April 08, 2013|By Marc Lifsher
  • Workers sort clothes at Goodwill in Hollywood. Other nonprofits contend the the charity is trying to monopolize used-clothing donations.
Workers sort clothes at Goodwill in Hollywood. Other nonprofits contend… (Gary Friedman / Los Angeles…)

SACRAMENTO --Goodwill Industries of San Joaquin County in Stockton is trying to corner the market on used clothing, other charities are complaining, and the conflict has moved to Sacramento.

With many of its donations of used clothing and other goods coming from drop-off sites with attendants on duty, Goodwill wants to make it easier for property owners to get rid of rival collection boxes that sit unattended in parking lots and other locations.

As a result, it is pushing legislation written by Sen.

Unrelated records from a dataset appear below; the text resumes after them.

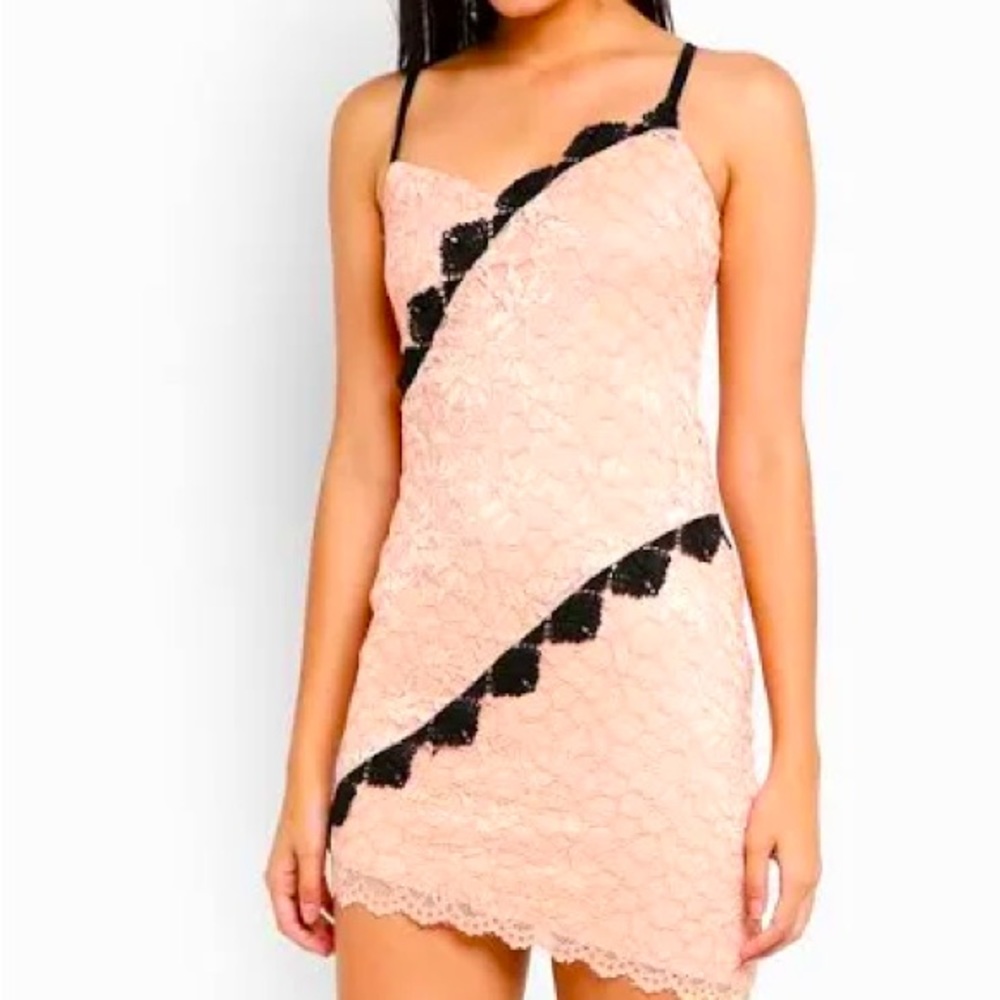 Topshop Petite Fan Lace Mini Dress - Peach/Nude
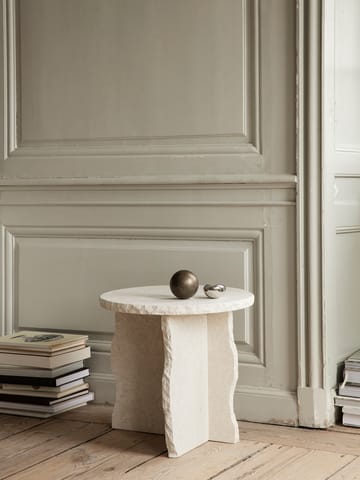 Mesa Mineral Sculptural Ø52 cm - Bianco Curia - Ferm Living
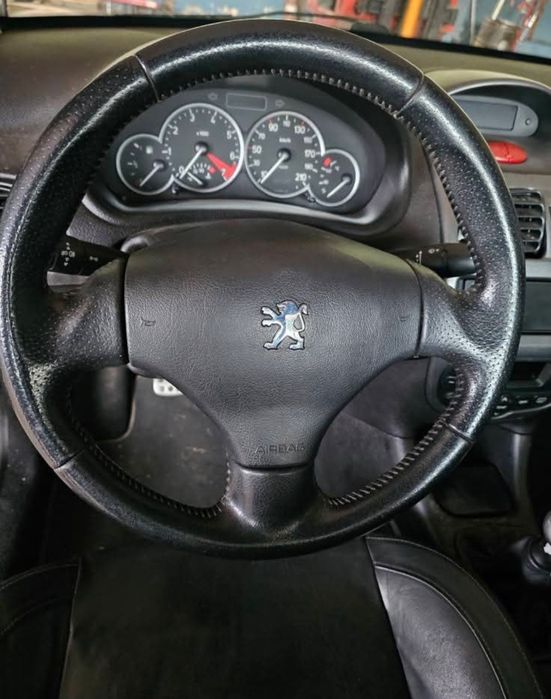 Пежо 206CC 1.6 бензин 109кс 2005г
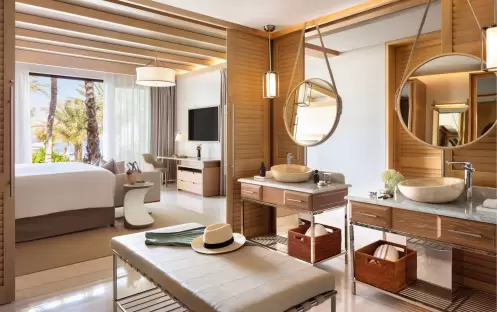 jan-room-detail-gallery-5___gulf-ocean-suite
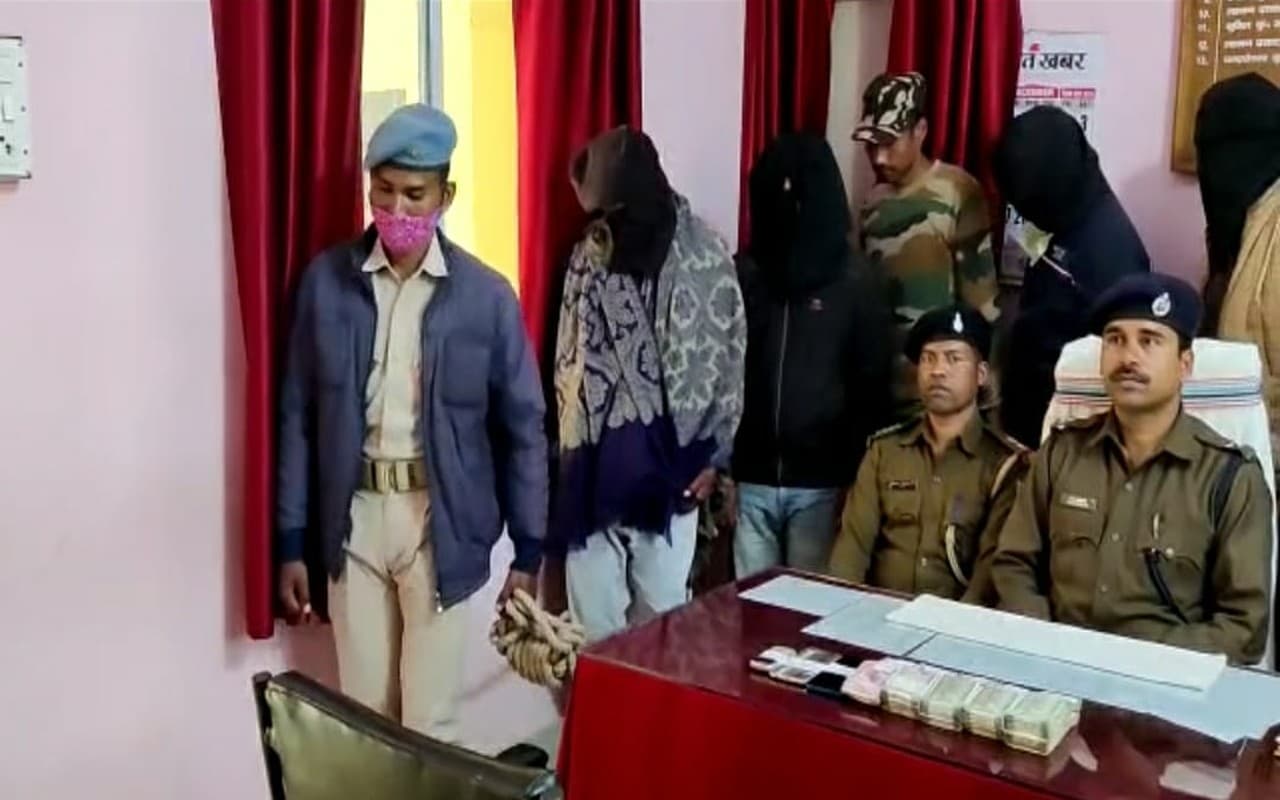 राजनीतिक दलों की बैठक : राहुल गांधी बोले - यह 'NDA' और 'INDIA' की लड़ाई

Cathleen Galgiani (D-Stockton) that would limit the financial liability of property managers for removing the unattended boxes.

The boxes hurt Goodwill’s business, spokeswoman Sally Wooden said.

“Operators put a box in parking lots right in front of our stores, which confuses our donors,” she said. “In most cases, the textiles, shoes, etc., are shipped out of our community.”

But other nonprofits call Galgiani’s bill blatantly unfair. “Goodwill is trying to ice the competition,” said Jonathan Franks, a spokesman for D.A.R.E, a drug-education organization, and Planet Aid, which provides assistance to poor people overseas. Both groups maintain collection boxes around the state.